Dewey Bird Control Line Adventures 2018

My first real start in model aviation was with ½ A control line planes, I remember building a Carl Goldberg Stuntman 23 when I was 9 years old. Last year in the fall I was trying to fly an electric control line for the first time after no control line flying for many years. I was running out of warm weather and tried to fly in too much wind with too long of lines. The plane was repaired and flown successfully but it looked like this plane was rather fragile to be crashing from beginner mistakes, so over the winter I built a Sig ½ A Dewey Bird to be powered with a Cox Babe Bee .049. 

1/2 A Dewey Bird

Bottom of Piston shows Where Connecting Rod Came Apart

The Cox Babe Bee is another story, I saw it on a hobby shop counter. The owner said it didn't run and that I could have it. It felt like something was broken, it turned out the connecting rod had ripped out of where it connects to the piston. I thought maybe it had over heated as it had a 7-6 wood propeller on it but people tell me larger propellers are run on .049's for Texaco event. I found a piston in my junk parts collection and the engine ran great.

Dewey Bird in Stooge

Electric Control Line

Free flight kept me really busy for most of the summer but after the Nats I fly my Dewey Bird for first time. There was no one to help so I made a stooge using a couple pieces of wood in a drillpress vise. I was using 35' .012 metal lines which I had from childhood. I think 26' lines are recommended, it flew on the long lines but tension was not great. Next time out I flew the Dewey Bird on 26 foot Spider wire lines which were better but it was really gusty that day. It was a good lesson in keeping the line tight when a gust hit it. For the next time flying, I added sidethrust and moved leadouts back. It might have helped a little. Again I tried to loop and stepped backwards really quick to try to regain tension. I tripped in the tall grass and fell on my butt. One more try and the plane went around once but lost tension and went up for another loop but crashed on the bottom. Only broke the propeller but I fell again.

Damage from Slack Lines

 Next time out I tried loops twice and crashed but no damage. Then I leaned the motor out more, I was afraid it would get too lean in the air but it didn't. Now tension was better, I tried a loop and it went around easy with plenty of room to spare. Tried it again and it went around fine. Fly more laps and then decided to try one more time but hesitated and the plane went into the wind and there was slack in the lines. The crash did damage this time, it only took a few minutes to fix when I got home.  

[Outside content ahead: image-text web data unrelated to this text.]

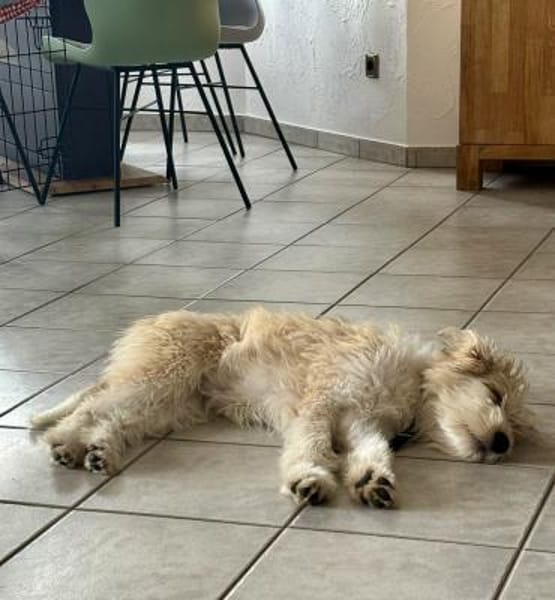 Freundlicher Loki sucht seine Familie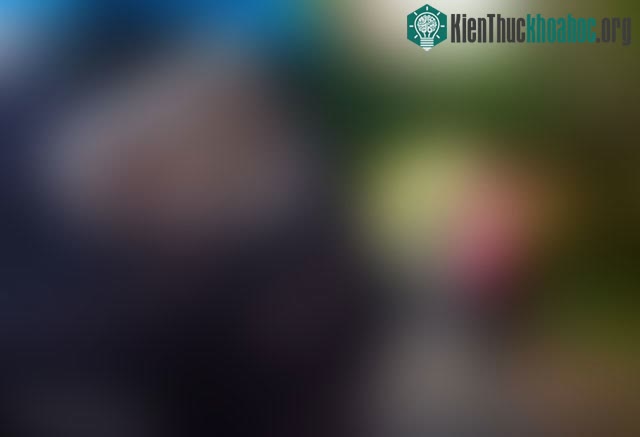 Người khiếm thị không hoàn toàn vẫn có thể nhìn thấy màu sắc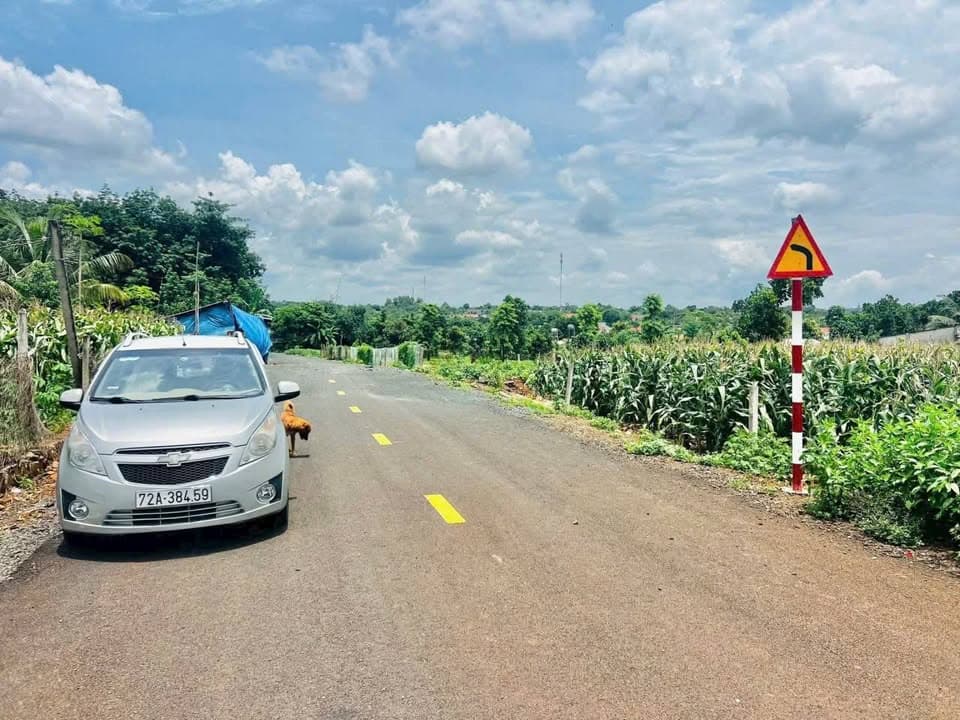 Bán đất X. Bàu Lâm, H. Xuyên Mộc, T. Bà Rịa - Vũng Tàu - Ảnh 2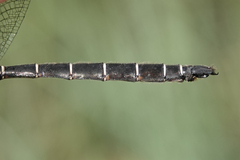 Somatochlora cingulata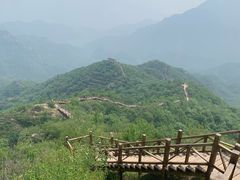 -大岭沟猕猴桃谷风景区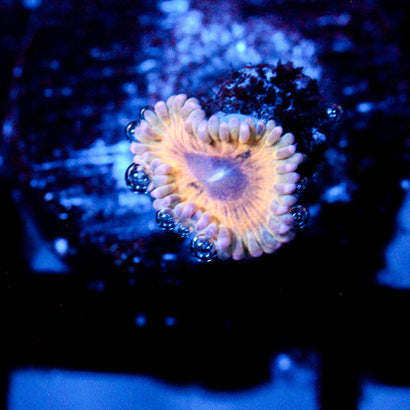 JC Oceanside Zoanthid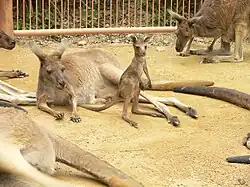 Kangourous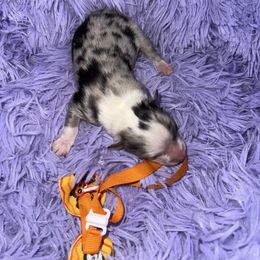 Blue merle boy - Blue merle male Miniature Australian Shepherd puppy in Graham, North Carolina from Thompson Farm Mini Aussies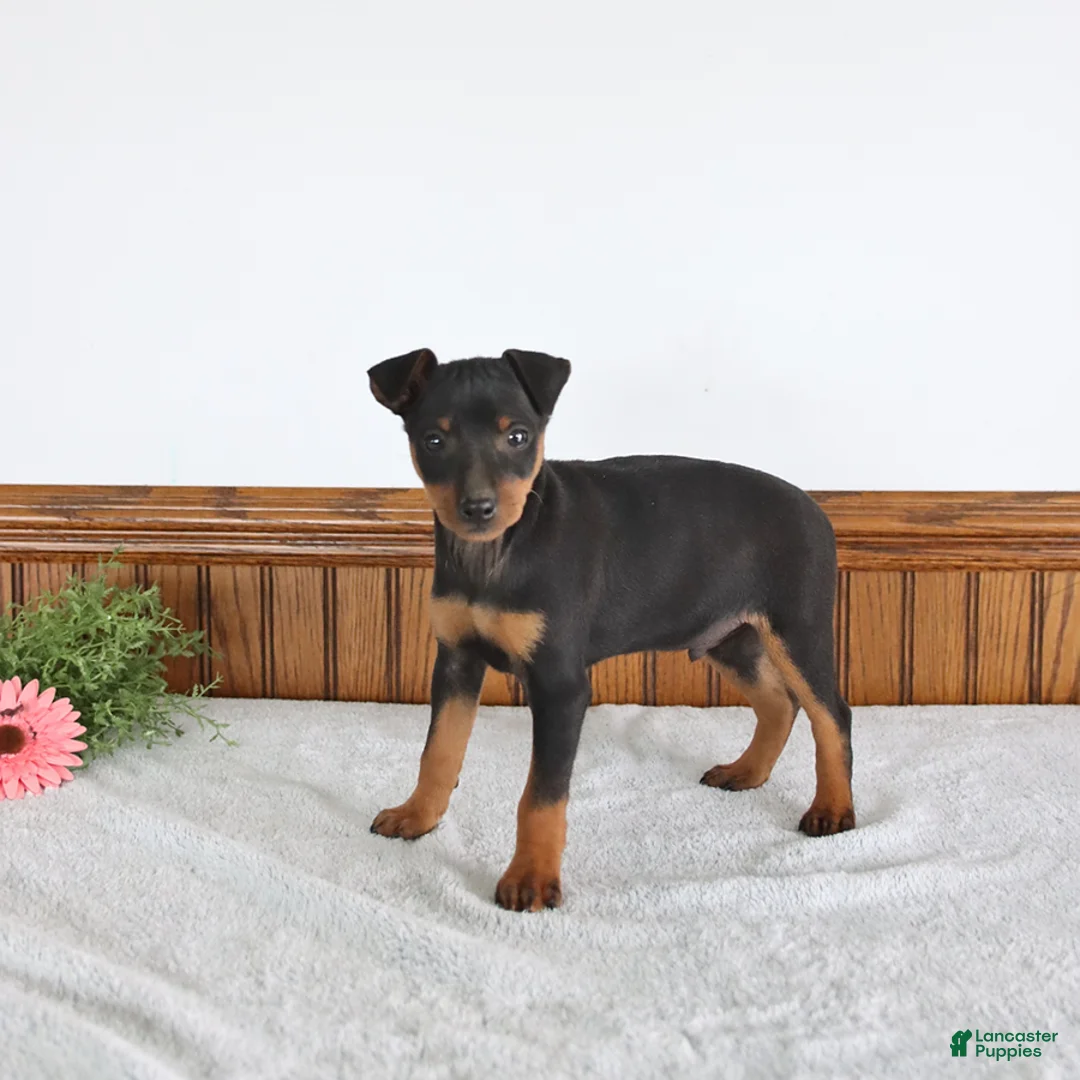Miniature Pinscher dogs for sale: Jasper - Ad 3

Add Weight to Tail  to Move CG Back

Now it gets dark so early and it has been windy for a couple of weeks. One evening I flew my electric control line again and it flew well.  Then tension is much better with this plane but I still want to get more practice with the ½ A.  I still have a Carl Goldberg Buster with a Fox .35 on it from my childhood I want to fly that again also. 

Goldberg Buster

I realize it would no doubt be easier to learn aerobatic maneuvers with a larger plane; at this point I am just too afraid of crashing a larger plane. There is also the challenge of pushing for higher performance with a small plane.